*** Opening ENTRIES PROVIDED ***

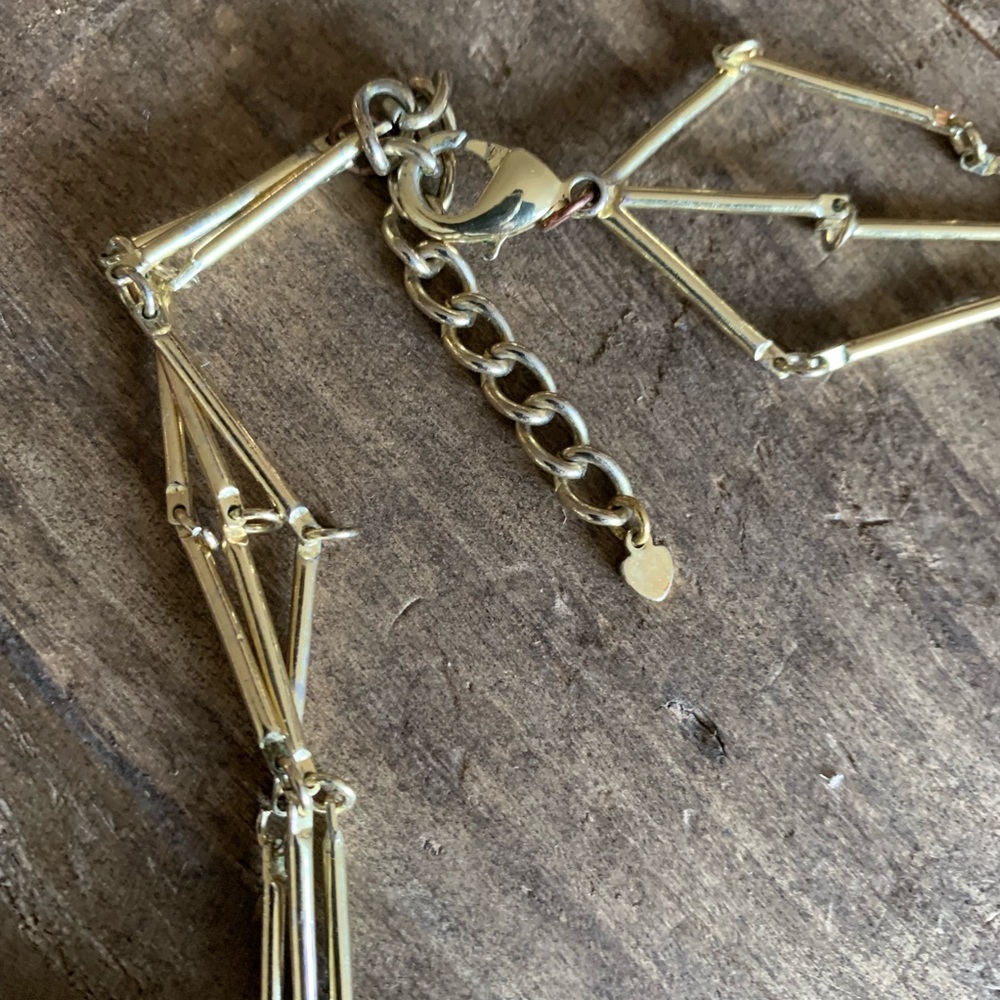 Multi-Layer Grey Stone Necklace - image 3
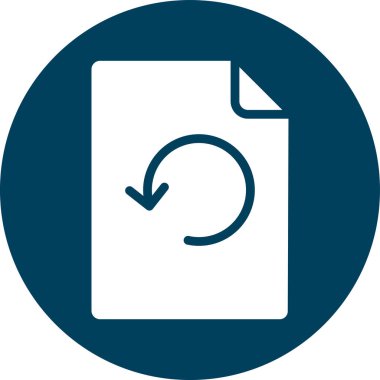 Geri dönüşüm yuvarlak vektör simgesi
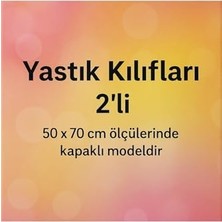 Sefa Ticaret Ezgi Desenli Pamuklu Yastık Kılıfı, Lavanta Deseni, 50 x 70 Cm, Lila, 2 Adet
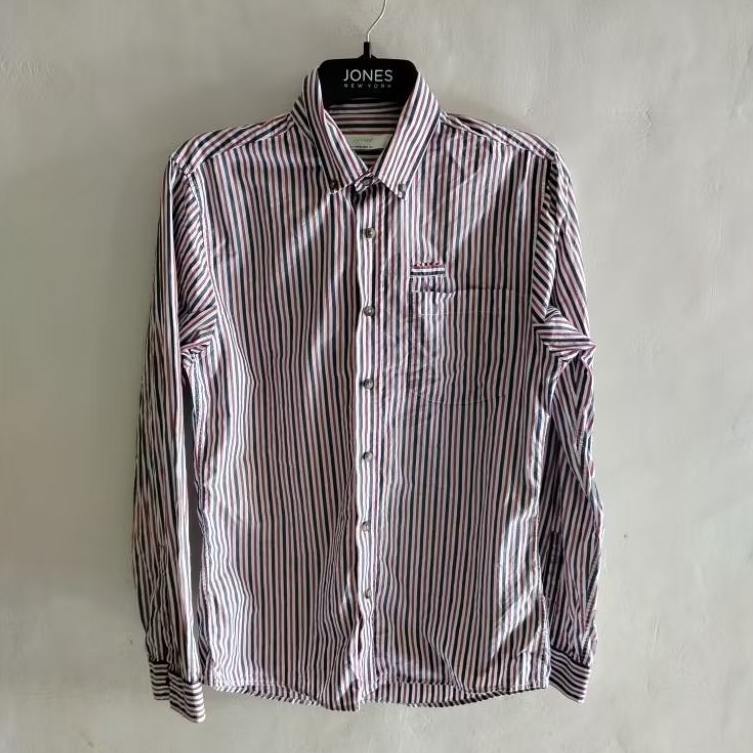 kemeja salur size S pria topman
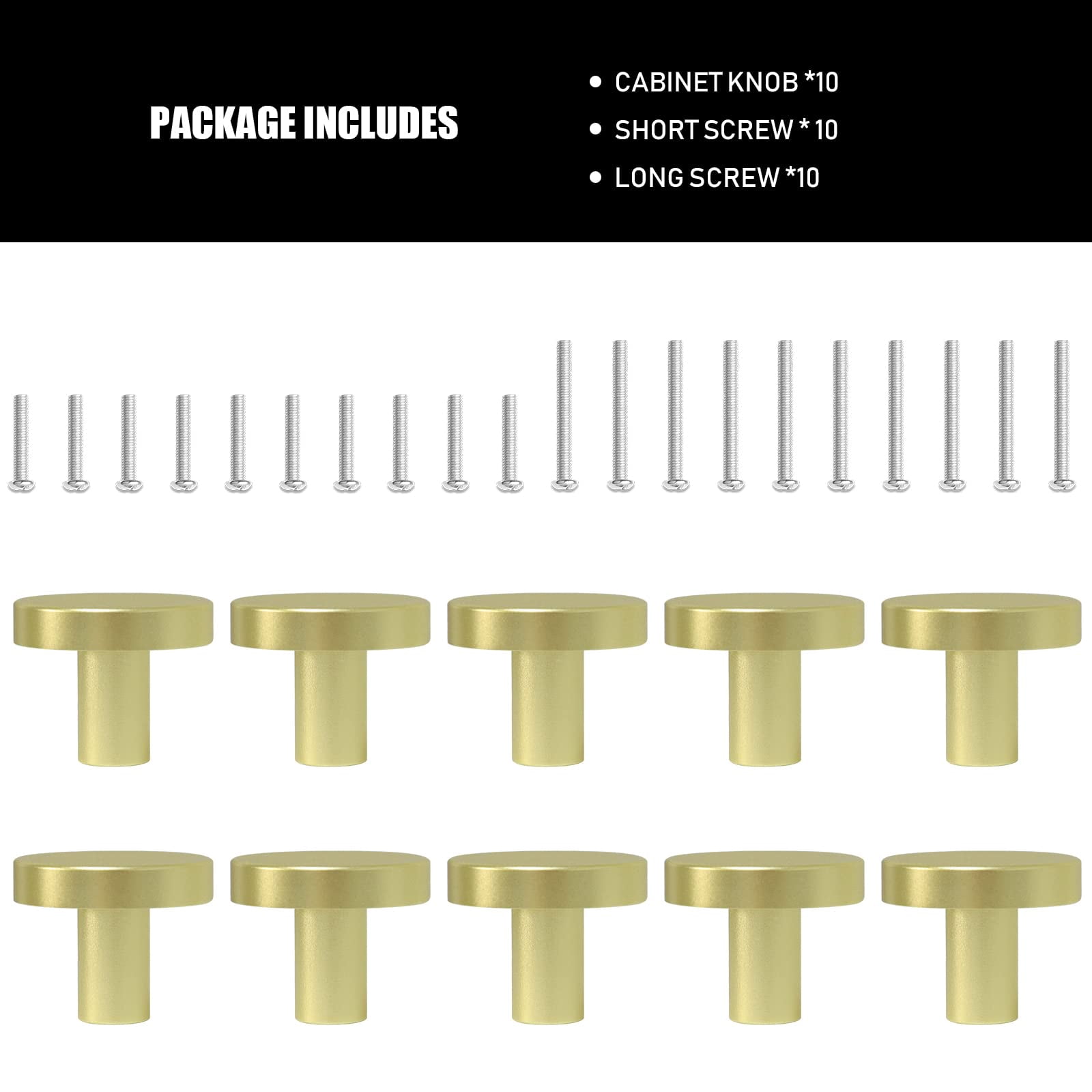 30 Packs Kitchen Cabinet Knobs Brushed Nickel Silver-Pull Hardware Handle,Drawer knobs for Kitchen Cupboard Door,Bedroom Dresser Drawerwith Long Short Screws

*** Closing ENTRIES PROVIDED ***

**WORK ITEM:** The entries above should be given again exactly, minus any pictures.

**RESULT OF THE EXERCISE:**
 Multi-Layer Grey Stone Necklace - image 3
 Geri dönüşüm yuvarlak vektör simgesi
 Sefa Ticaret Ezgi Desenli Pamuklu Yastık Kılıfı, Lavanta Deseni, 50 x 70 Cm, Lila, 2 Adet
 kemeja salur size S pria topman
 30 Packs Kitchen Cabinet Knobs Brushed Nickel Silver-Pull Hardware Handle,Drawer knobs for Kitchen Cupboard Door,Bedroom Dresser Drawerwith Long Short Screws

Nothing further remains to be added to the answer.